╭─ EXTRACTED MATERIAL

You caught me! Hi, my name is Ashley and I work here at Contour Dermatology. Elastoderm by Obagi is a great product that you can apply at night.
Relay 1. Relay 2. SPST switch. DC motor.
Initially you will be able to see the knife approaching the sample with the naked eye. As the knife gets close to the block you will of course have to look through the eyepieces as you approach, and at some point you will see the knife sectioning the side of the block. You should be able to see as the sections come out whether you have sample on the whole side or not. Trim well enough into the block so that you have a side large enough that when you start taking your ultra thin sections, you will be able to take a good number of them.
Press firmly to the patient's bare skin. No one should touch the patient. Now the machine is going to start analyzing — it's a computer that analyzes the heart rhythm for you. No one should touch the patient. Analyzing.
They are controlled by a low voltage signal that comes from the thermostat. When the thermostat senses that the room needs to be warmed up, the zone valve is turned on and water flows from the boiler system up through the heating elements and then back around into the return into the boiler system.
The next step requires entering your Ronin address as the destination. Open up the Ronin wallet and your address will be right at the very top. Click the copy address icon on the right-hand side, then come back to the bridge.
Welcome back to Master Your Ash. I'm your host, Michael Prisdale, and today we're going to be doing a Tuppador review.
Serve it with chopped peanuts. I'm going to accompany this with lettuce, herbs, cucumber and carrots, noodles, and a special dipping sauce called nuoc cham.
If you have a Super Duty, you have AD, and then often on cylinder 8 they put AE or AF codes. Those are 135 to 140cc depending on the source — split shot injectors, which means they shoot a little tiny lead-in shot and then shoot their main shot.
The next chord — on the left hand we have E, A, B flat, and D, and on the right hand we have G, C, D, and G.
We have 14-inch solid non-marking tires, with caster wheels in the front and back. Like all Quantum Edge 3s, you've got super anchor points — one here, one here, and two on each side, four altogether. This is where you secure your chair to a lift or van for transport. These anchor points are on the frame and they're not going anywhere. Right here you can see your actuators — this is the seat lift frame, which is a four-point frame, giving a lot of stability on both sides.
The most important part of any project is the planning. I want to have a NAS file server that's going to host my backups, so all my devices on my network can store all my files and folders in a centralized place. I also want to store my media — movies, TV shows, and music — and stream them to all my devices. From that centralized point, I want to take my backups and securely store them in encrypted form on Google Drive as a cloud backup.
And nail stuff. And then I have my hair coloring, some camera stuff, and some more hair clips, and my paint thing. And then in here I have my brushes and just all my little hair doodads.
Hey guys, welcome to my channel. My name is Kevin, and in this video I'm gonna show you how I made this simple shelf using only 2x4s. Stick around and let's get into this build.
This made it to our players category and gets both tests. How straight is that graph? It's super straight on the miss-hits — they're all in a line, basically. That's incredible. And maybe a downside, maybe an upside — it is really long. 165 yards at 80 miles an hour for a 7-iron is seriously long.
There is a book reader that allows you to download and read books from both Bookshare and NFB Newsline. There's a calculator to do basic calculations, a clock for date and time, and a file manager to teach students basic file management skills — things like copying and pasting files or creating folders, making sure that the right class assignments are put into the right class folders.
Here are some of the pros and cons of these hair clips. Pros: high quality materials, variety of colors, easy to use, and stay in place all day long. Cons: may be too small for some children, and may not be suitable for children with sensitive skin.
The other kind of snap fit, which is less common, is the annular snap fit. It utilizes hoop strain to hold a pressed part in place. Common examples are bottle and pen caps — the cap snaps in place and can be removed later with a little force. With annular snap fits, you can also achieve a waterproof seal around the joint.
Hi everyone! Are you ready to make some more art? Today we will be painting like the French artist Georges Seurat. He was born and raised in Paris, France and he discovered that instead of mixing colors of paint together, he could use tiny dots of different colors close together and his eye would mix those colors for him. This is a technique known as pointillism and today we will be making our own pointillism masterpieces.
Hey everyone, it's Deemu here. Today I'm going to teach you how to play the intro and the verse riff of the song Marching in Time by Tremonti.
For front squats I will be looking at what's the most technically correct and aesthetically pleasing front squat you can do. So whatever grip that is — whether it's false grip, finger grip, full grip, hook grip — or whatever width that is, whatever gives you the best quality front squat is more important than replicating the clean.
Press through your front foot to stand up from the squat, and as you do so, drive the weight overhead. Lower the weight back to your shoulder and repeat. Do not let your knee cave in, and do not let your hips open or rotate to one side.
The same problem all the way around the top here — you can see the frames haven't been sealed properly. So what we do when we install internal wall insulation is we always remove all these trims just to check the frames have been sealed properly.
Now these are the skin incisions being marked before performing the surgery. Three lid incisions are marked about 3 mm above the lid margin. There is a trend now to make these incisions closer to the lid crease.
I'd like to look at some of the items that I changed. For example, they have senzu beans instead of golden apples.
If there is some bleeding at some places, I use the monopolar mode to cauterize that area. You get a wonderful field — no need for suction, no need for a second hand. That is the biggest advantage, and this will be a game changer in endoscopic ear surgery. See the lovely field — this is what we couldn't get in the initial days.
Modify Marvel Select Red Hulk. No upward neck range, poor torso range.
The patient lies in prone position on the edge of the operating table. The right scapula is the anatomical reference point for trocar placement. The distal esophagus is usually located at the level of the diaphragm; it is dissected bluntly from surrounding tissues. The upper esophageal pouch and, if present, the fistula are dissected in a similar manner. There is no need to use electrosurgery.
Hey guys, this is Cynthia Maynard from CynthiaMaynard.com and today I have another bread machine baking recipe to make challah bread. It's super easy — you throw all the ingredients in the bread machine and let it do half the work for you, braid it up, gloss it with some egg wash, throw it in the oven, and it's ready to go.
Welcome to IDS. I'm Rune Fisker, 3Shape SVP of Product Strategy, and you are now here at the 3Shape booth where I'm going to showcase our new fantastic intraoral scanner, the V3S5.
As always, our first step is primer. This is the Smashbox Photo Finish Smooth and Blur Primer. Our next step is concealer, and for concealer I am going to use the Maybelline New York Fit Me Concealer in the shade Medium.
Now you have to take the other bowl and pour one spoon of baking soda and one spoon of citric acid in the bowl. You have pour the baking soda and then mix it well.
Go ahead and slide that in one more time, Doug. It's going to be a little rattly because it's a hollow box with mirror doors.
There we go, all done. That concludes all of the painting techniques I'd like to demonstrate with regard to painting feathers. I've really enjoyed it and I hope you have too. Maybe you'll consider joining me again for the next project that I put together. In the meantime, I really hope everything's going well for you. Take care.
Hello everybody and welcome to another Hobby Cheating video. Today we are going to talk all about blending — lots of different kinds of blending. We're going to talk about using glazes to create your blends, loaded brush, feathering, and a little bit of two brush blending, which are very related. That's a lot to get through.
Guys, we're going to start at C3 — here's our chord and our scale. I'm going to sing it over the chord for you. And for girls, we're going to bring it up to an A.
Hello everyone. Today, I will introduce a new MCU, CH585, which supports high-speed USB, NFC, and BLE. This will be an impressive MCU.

╰─

**EXERCISE REQUIREMENTS:** Lines with "your": find them in the data and copy each one.

**WRITTEN ANSWER:**
Initially you will be able to see the knife approaching the sample with the naked eye. As the knife gets close to the block you will of course have to look through the eyepieces as you approach, and at some point you will see the knife sectioning the side of the block. You should be able to see as the sections come out whether you have sample on the whole side or not. Trim well enough into the block so that you have a side large enough that when you start taking your ultra thin sections, you will be able to take a good number of them.
The next step requires entering your Ronin address as the destination. Open up the Ronin wallet and your address will be right at the very top. Click the copy address icon on the right-hand side, then come back to the bridge.
Welcome back to Master Your Ash. I'm your host, Michael Prisdale, and today we're going to be doing a Tuppador review.
We have 14-inch solid non-marking tires, with caster wheels in the front and back. Like all Quantum Edge 3s, you've got super anchor points — one here, one here, and two on each side, four altogether. This is where you secure your chair to a lift or van for transport. These anchor points are on the frame and they're not going anywhere. Right here you can see your actuators — this is the seat lift frame, which is a four-point frame, giving a lot of stability on both sides.
Press through your front foot to stand up from the squat, and as you do so, drive the weight overhead. Lower the weight back to your shoulder and repeat. Do not let your knee cave in, and do not let your hips open or rotate to one side.
Hello everybody and welcome to another Hobby Cheating video. Today we are going to talk all about blending — lots of different kinds of blending. We're going to talk about using glazes to create your blends, loaded brush, feathering, and a little bit of two brush blending, which are very related. That's a lot to get through.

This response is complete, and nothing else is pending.